Homogeneous Carbon Dot-Anchored Fe(III) Catalysts with Self-Regulated Proton Transfer for Recyclable Fenton Chemistry

[Image: see text] Fenton chemistry has been widely studied in a broad range from geochemistry, chemical oxidation to tumor chemodynamic therapy. It was well established that Fe(3+)/H(2)O(2) resulted in a sluggish initial rate or even inactivity. Herein, we report the homogeneous carbon dot-anchored Fe(III) catalysts (CD-COOFe(III)) wherein CD-COOFe(III) active center activates H(2)O(2) to produce hydroxyl radicals ((•)OH) reaching 105 times larger than that of the Fe(3+)/H(2)O(2) system.

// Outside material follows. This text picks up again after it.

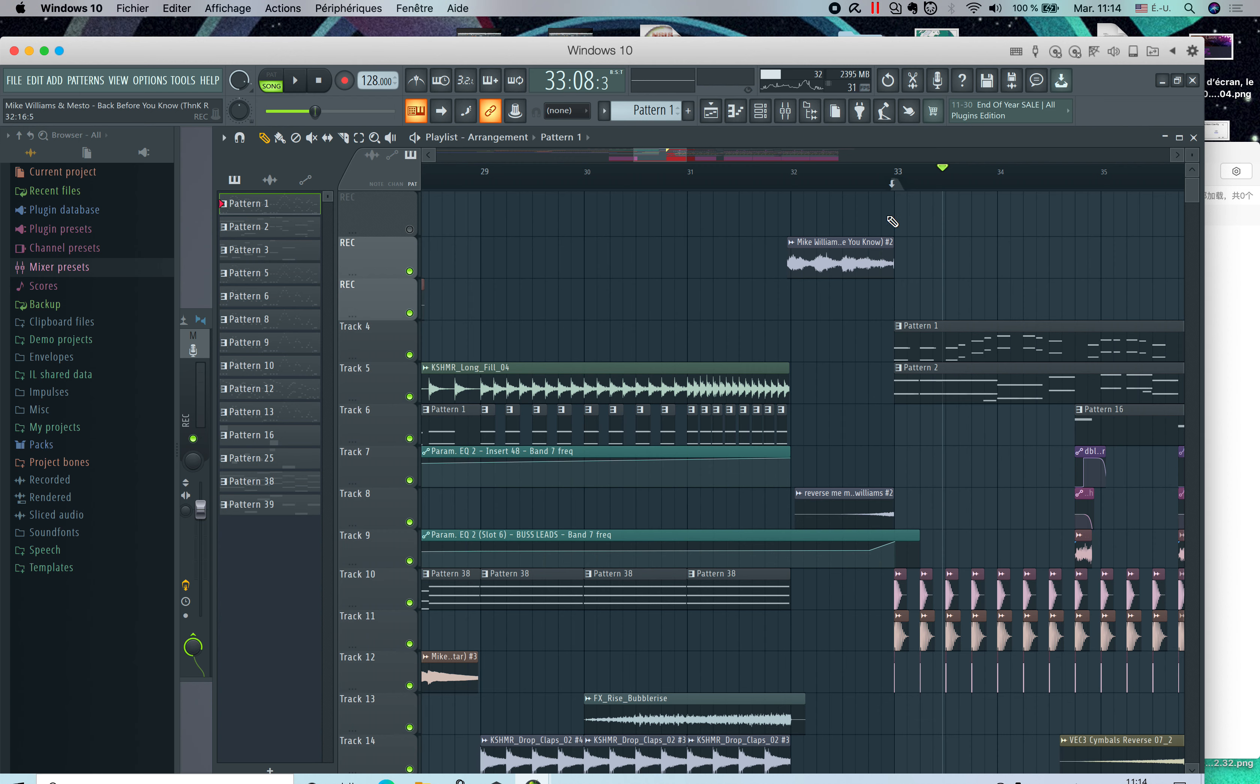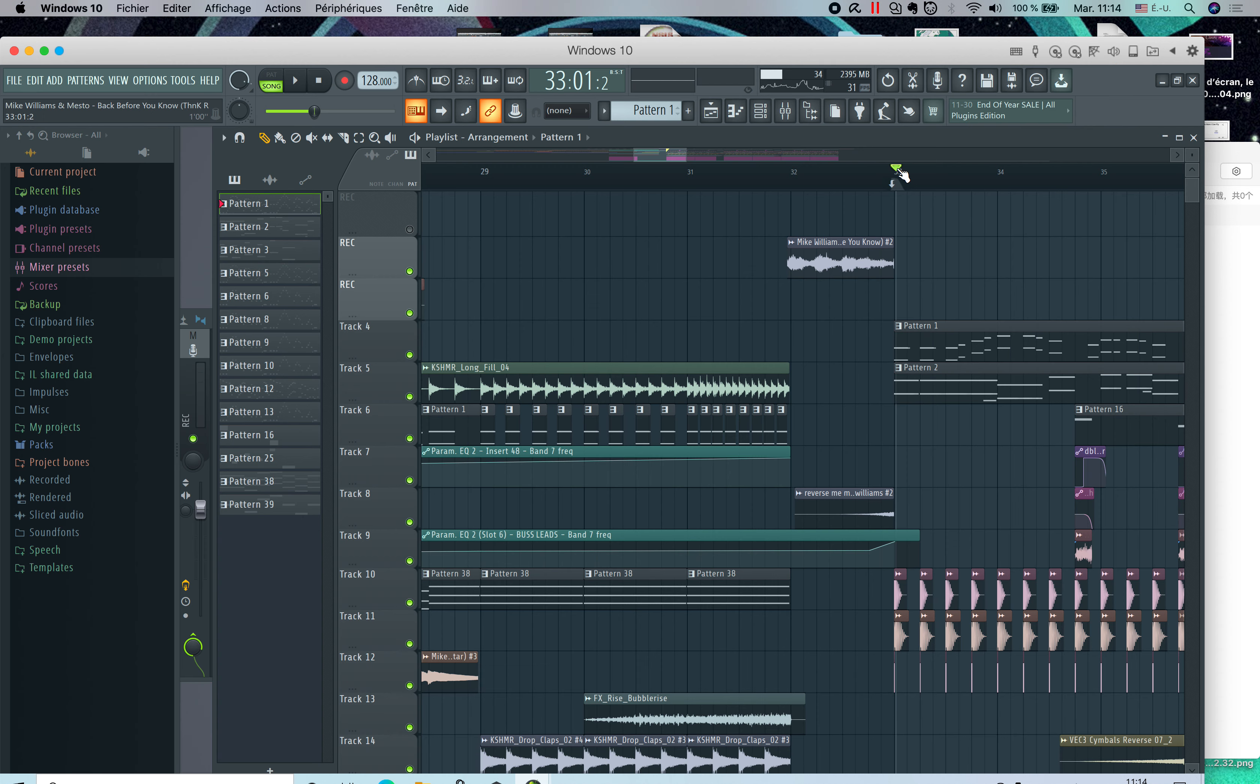To loop a certain section in FL Studio, all you need to do is right-click on the mouse. For example, if I want to loop from this bar, you right-click, hold it, and then select the section you want to loop.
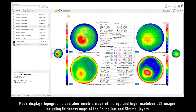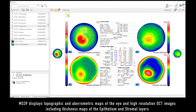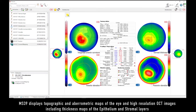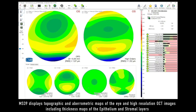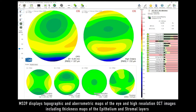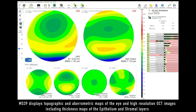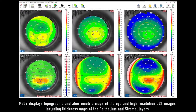MS-39 displays topographic and keratometric maps of the eye and high-resolution OCT images, including thickness maps of the epithelial and stromal layers.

The key is the (•)OH flux produced from the O–O bond reductive cleavage boosting by the high electron-transfer rate constants of CD defects and its self-regulated proton-transfer behavior probed by operando ATR-FTIR spectroscopy in D(2)O and kinetic isotope effects, respectively. Organic molecules interact with CD-COOFe(III) via hydrogen bonds, promoting the electron-transfer rate constants during the redox reaction of CD defects. The antibiotics removal efficiency in the CD-COOFe(III)/H(2)O(2) system is at least 51 times large than the Fe(3+)/H(2)O(2) system under equivalent conditions. Our findings provide a new pathway for traditional Fenton chemistry.